[What you are asked to do]
Copy only the lines from the one with "salmon heads (Front Horizontal)" through the end of the records, exactly as they stand. No pictures belong in the copy.

━━ Data to use

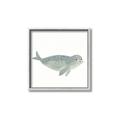 Picture of Spotted Seal _GroupedProduct_Square_Mini_ _GroupedProduct_Square_Canvas_Framed_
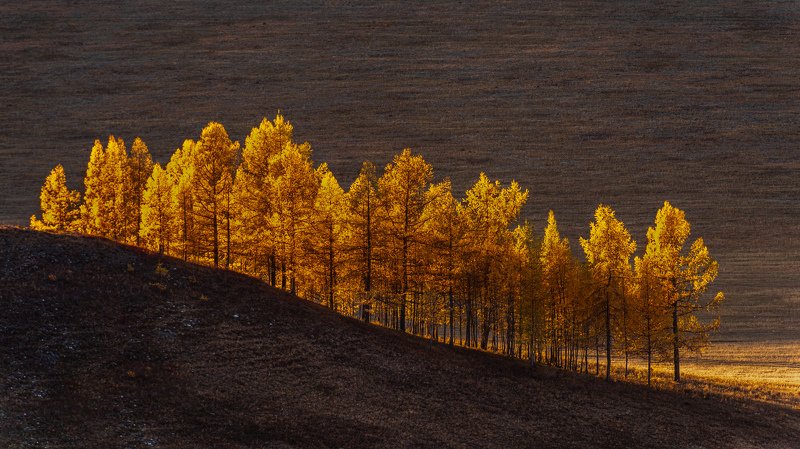 Осенний закат, Алтайский край.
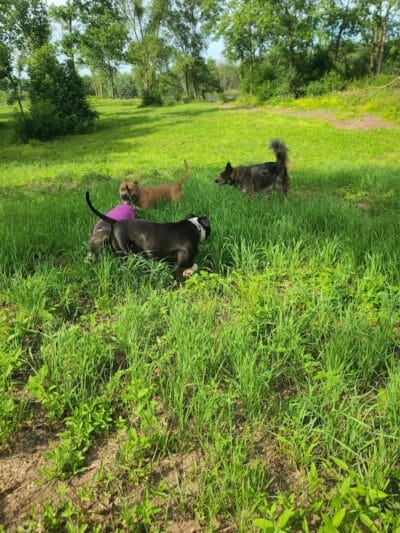 Southwest Dog Park - Eau Claire,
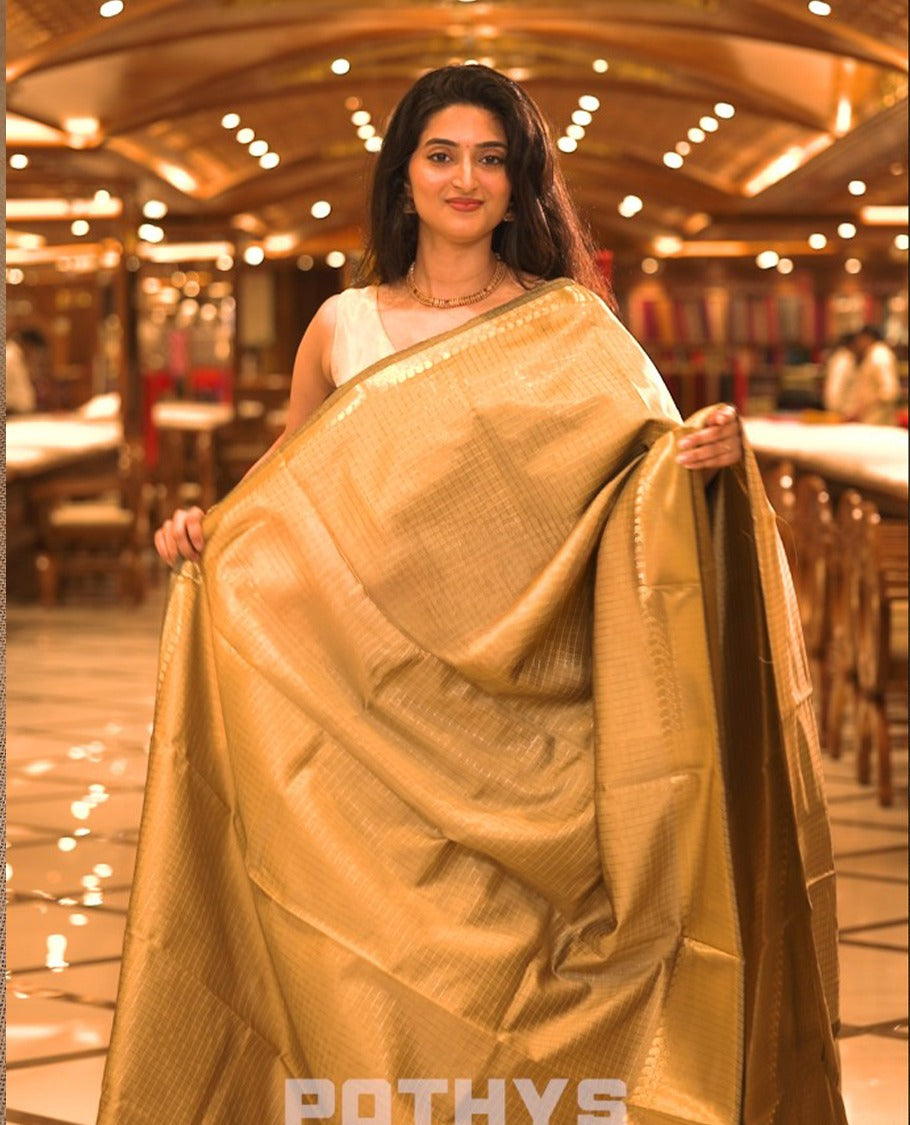 Beige colour semi banaras lichi silk saree featuring checked patterned body, complemented by gold zari border, paired with matching blouse piece.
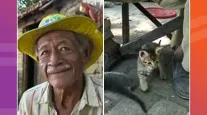 Morte de guardi�o ind�gena deixa mais de 60 gatos sem lar no Pantanal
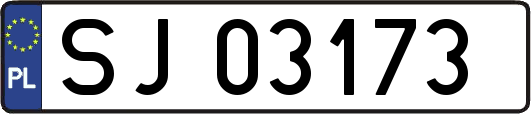 SJ03173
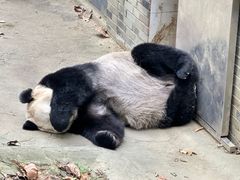 -都江堰中华大熊猫苑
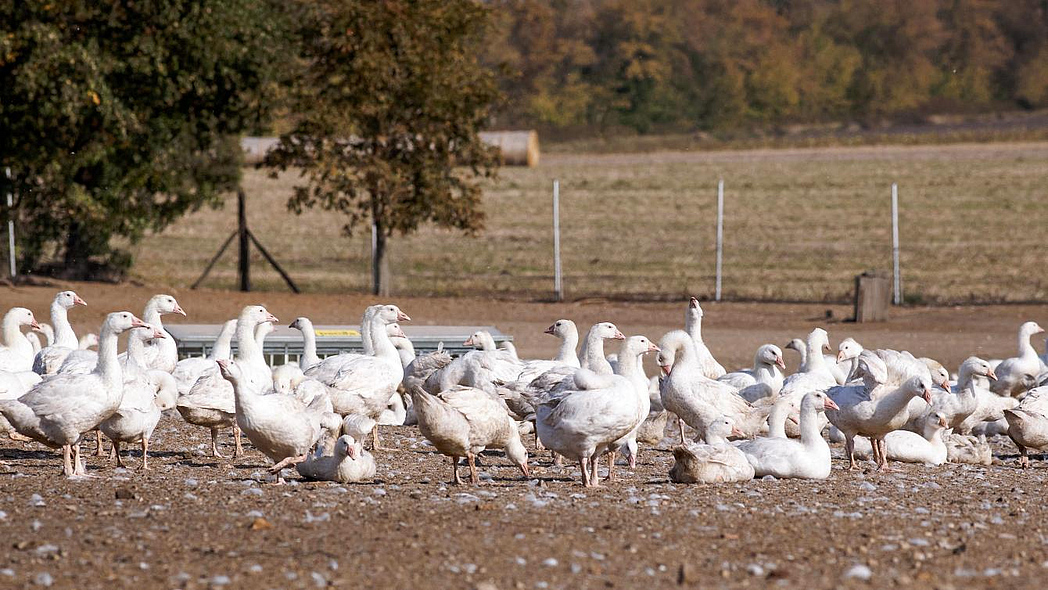 Gänse auf der Weide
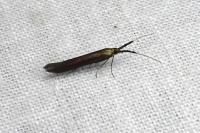 Coleophora
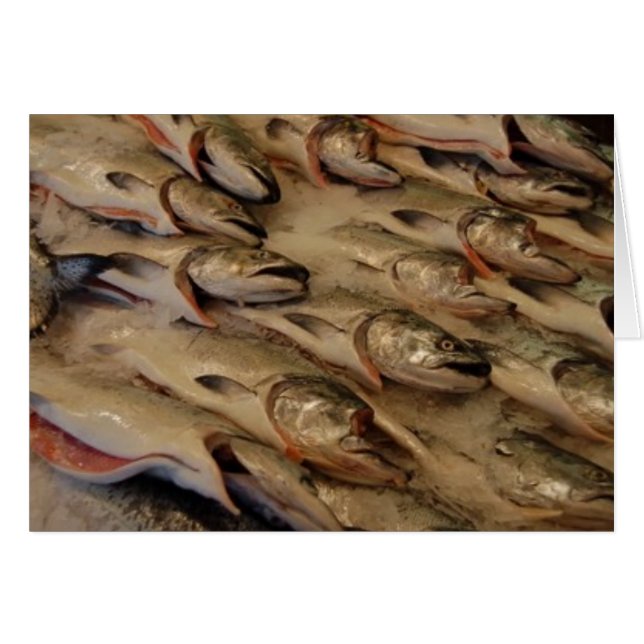 salmon heads (Front Horizontal)
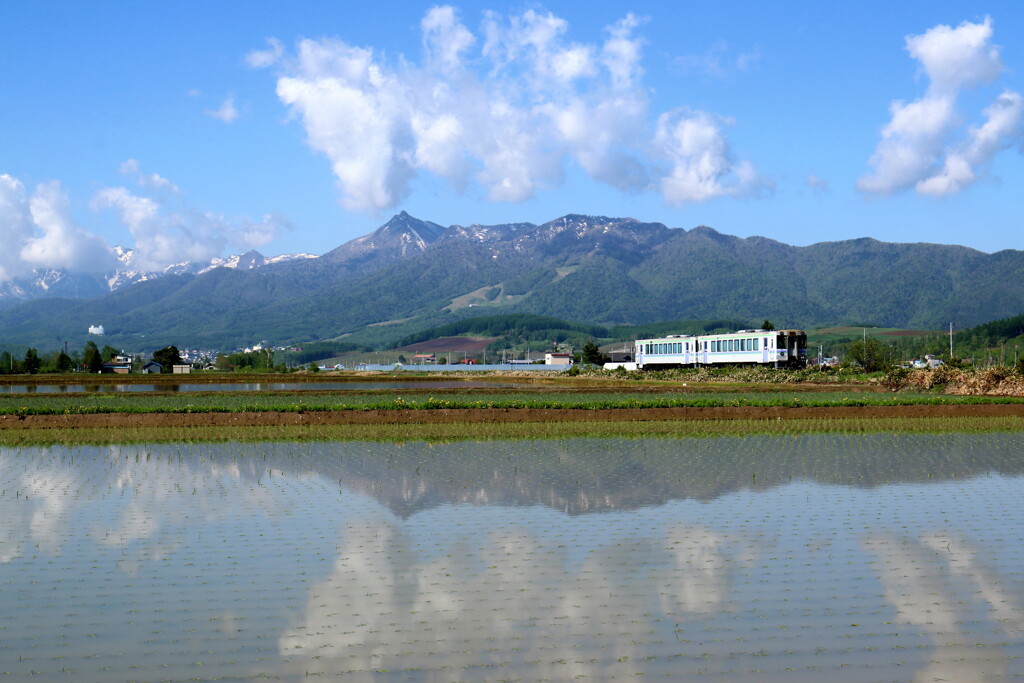 布部－富良野　(根室本線)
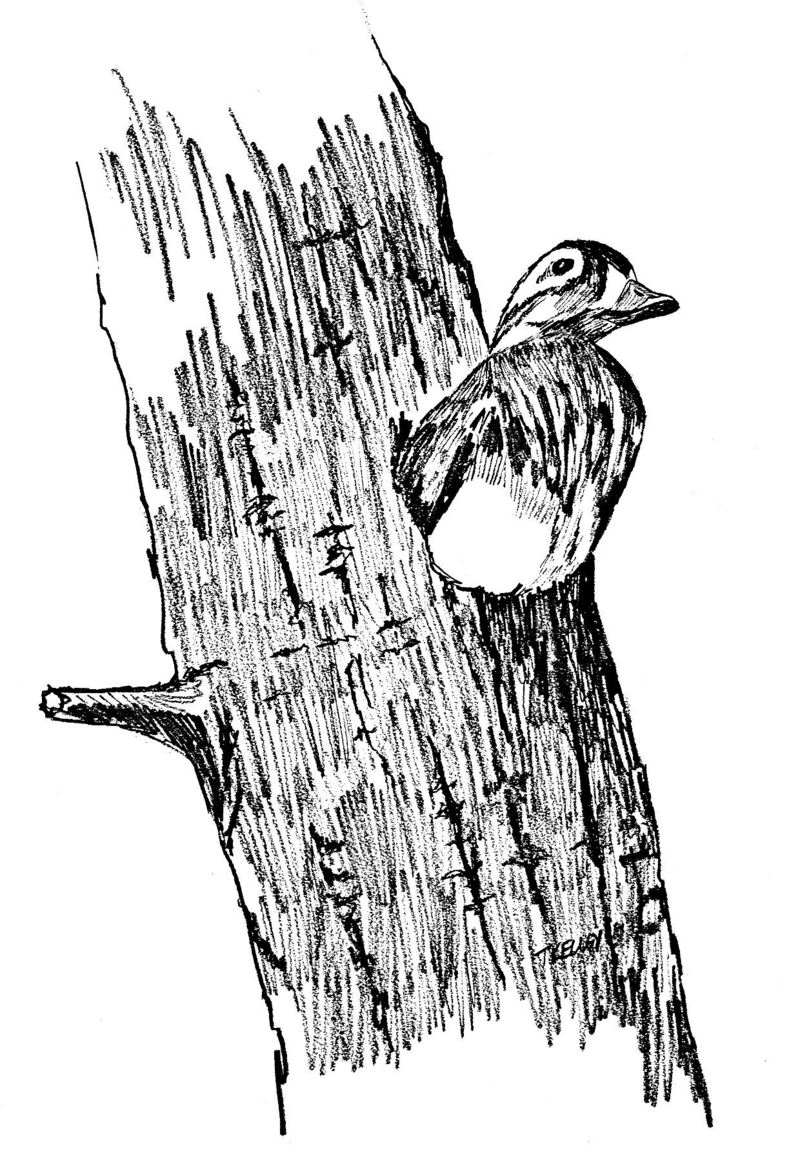 [Drawing] Wood Duck (Aix sponsa) {!--아메리카원앙-->; DISPLAY FULL IMAGE.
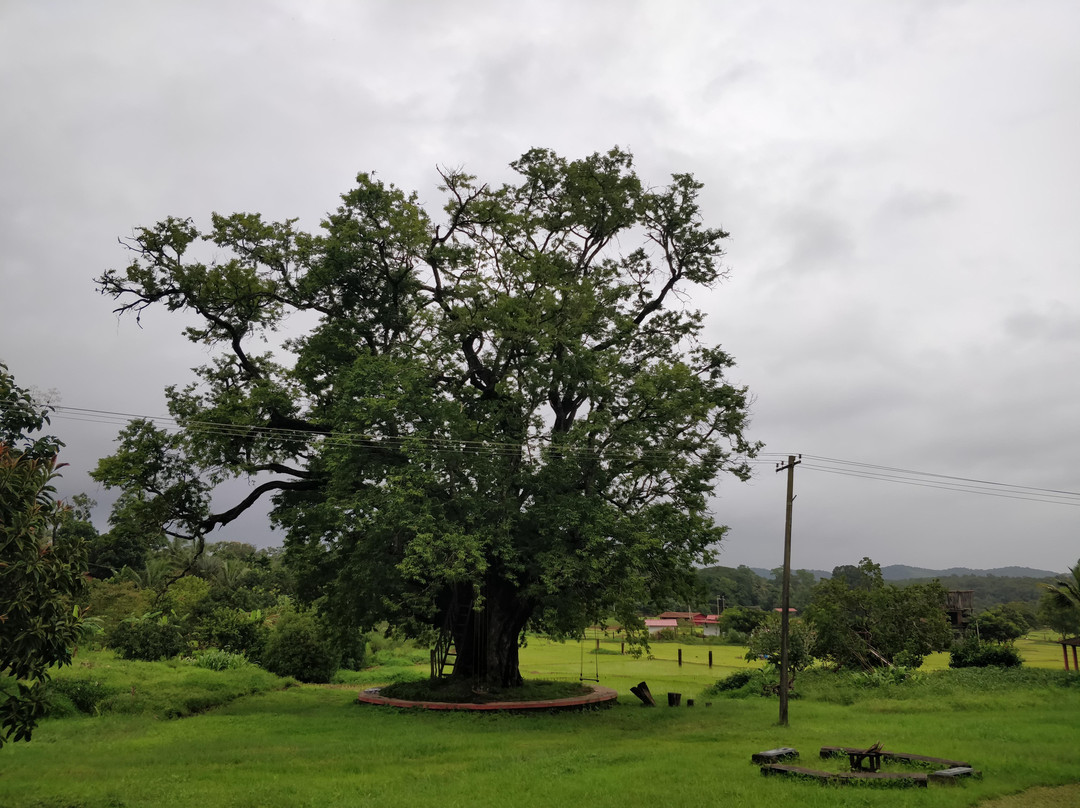 Dandeli Chalet主图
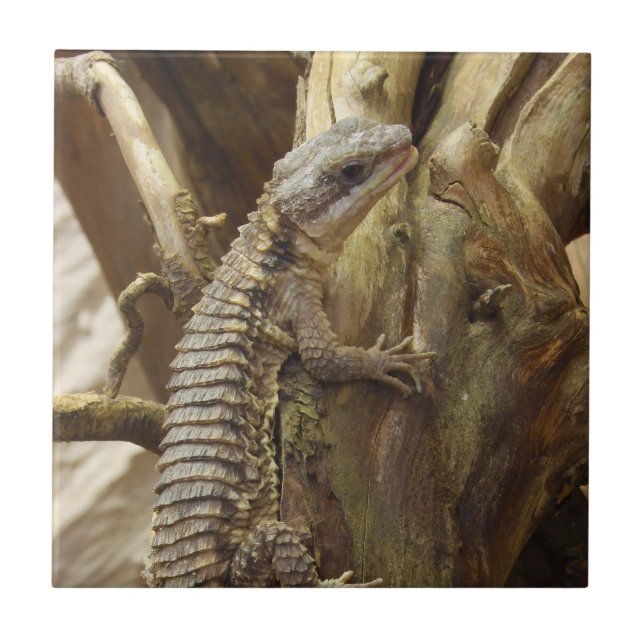 East African Spiny-Tailed Tropical Girdled Lizard Ceramic Tile (Front)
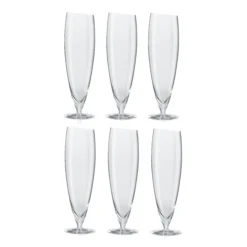 6 Copas De Cerveza Eva Solo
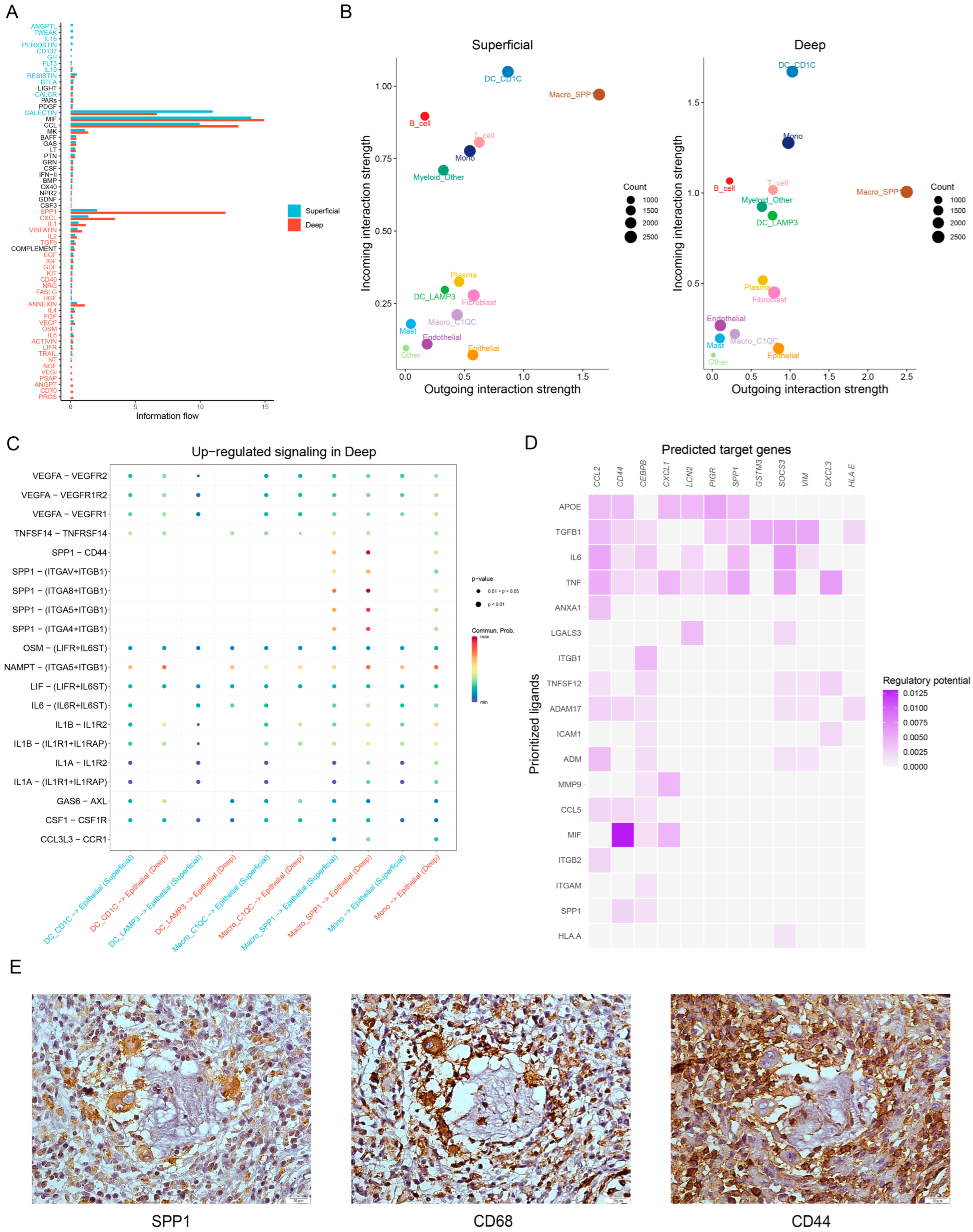 Cancers 15 00164 g005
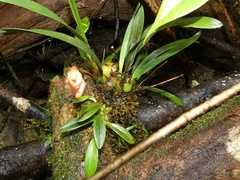 Maxillaria porrecta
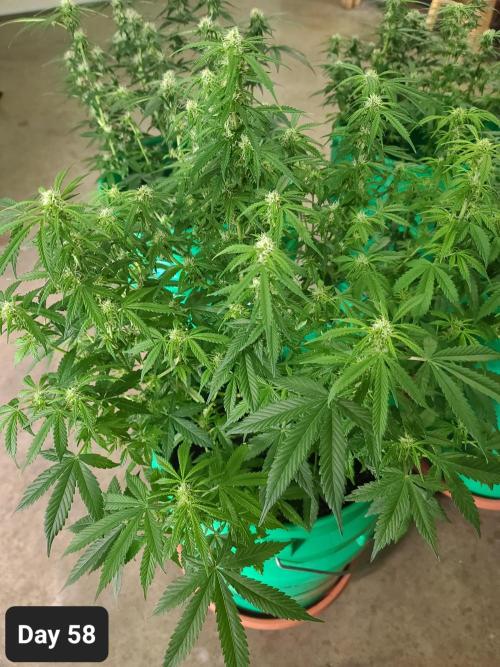 Lava Cake Automatic by Zamnesia. Week 8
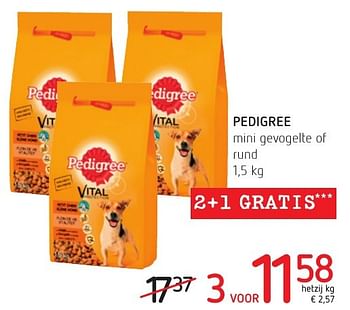 Promotions Pedigree mini gevogelte of rund - Pedigree - Valide de 06/10/2016 à 19/10/2016 chez Eurospar (Colruytgroup)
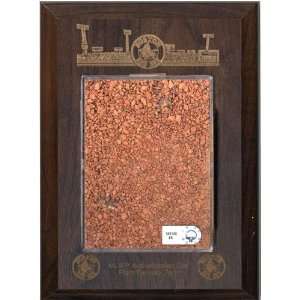   Red Sox Logo and Game Used Dirt from Fenway Park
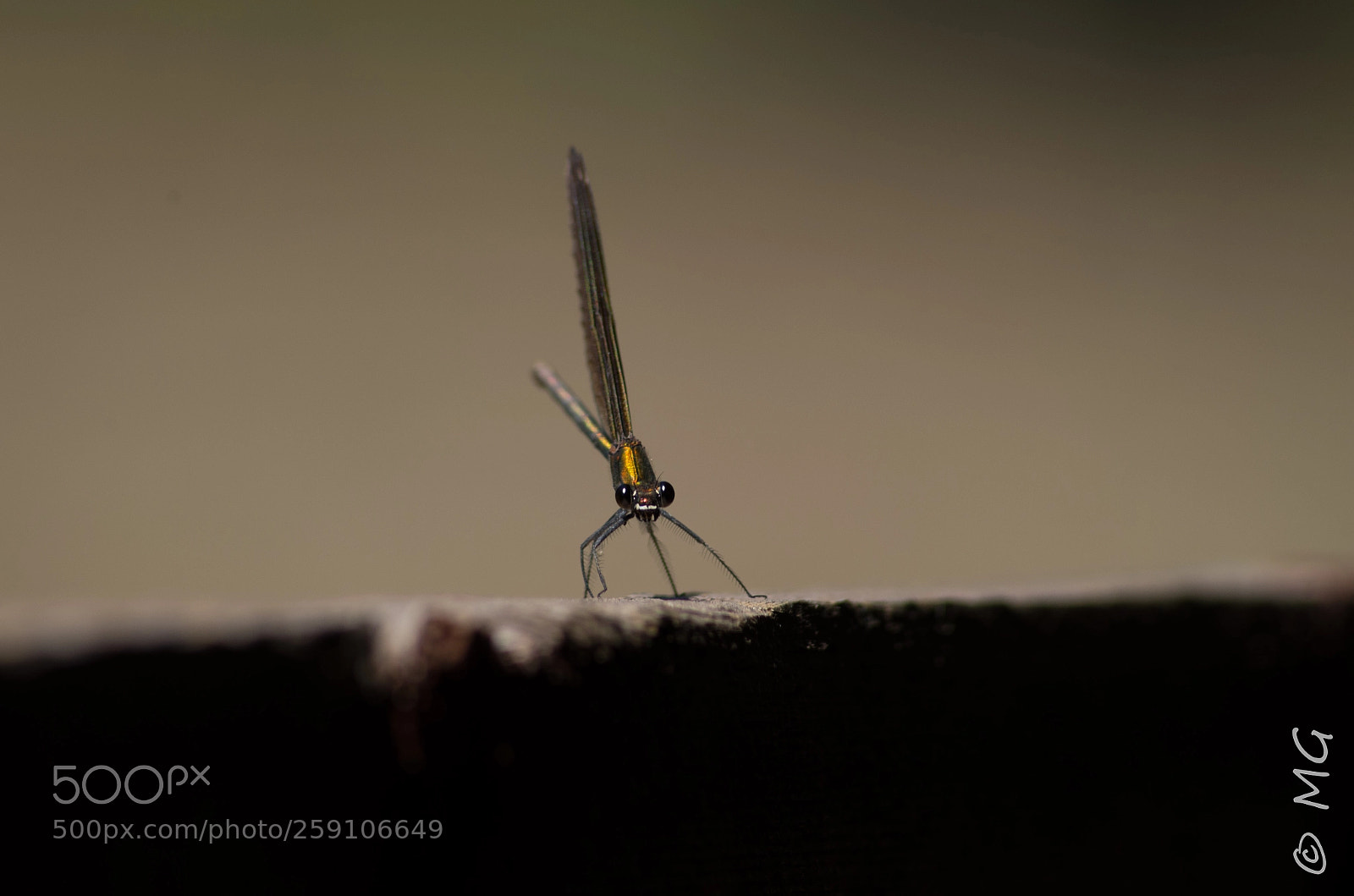 Pentax K-30 sample photo. The dragonfly photography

━━━━

[Response to the task]
 salmon heads (Front Horizontal)
 布部－富良野　(根室本線)
 [Drawing] Wood Duck (Aix sponsa) {!--아메리카원앙-->; DISPLAY FULL IMAGE.
 Dandeli Chalet主图
 East African Spiny-Tailed Tropical Girdled Lizard Ceramic Tile (Front)
 6 Copas De Cerveza Eva Solo
 Cancers 15 00164 g005
 Maxillaria porrecta
 Lava Cake Automatic by Zamnesia. Week 8
 Promotions Pedigree mini gevogelte of rund - Pedigree - Valide de 06/10/2016 à 19/10/2016 chez Eurospar (Colruytgroup)
   Red Sox Logo and Game Used Dirt from Fenway Park
 Pentax K-30 sample photo. The dragonfly photography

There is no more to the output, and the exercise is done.